WHAT THE TASK REQUIRES: Only the line with "白ロム 動作確認済 79%" and the lines after it, to the end of the data, should appear in the answer, each reproduced exactly.

### PROVIDED DATA

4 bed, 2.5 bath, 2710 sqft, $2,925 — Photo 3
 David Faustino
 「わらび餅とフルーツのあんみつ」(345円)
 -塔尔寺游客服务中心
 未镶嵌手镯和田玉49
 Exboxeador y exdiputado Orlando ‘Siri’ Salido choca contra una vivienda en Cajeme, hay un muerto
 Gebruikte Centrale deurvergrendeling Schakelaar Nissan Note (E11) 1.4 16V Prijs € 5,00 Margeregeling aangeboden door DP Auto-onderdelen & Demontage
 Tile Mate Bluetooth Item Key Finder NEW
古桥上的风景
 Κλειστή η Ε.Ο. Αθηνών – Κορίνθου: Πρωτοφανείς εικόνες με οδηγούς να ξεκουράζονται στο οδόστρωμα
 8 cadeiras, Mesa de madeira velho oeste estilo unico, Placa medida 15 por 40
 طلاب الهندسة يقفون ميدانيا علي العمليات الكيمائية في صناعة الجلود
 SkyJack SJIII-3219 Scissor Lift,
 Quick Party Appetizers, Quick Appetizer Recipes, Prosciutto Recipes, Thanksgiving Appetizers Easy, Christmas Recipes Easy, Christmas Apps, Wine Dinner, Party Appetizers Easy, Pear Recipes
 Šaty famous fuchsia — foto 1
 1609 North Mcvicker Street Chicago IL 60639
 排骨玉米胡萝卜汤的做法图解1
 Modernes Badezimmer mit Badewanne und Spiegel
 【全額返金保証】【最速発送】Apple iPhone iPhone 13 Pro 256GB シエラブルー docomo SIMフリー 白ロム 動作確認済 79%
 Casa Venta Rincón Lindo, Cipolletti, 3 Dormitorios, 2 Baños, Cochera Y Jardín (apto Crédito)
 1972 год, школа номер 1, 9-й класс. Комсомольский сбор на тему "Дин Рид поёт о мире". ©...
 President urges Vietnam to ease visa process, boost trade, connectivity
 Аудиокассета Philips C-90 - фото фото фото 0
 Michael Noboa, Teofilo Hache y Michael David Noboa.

######

SOLUTION TO THIS PROBLEM:
 【全額返金保証】【最速発送】Apple iPhone iPhone 13 Pro 256GB シエラブルー docomo SIMフリー 白ロム 動作確認済 79%
 Casa Venta Rincón Lindo, Cipolletti, 3 Dormitorios, 2 Baños, Cochera Y Jardín (apto Crédito)
 1972 год, школа номер 1, 9-й класс. Комсомольский сбор на тему "Дин Рид поёт о мире". ©...
 President urges Vietnam to ease visa process, boost trade, connectivity
 Аудиокассета Philips C-90 - фото фото фото 0
 Michael Noboa, Teofilo Hache y Michael David Noboa.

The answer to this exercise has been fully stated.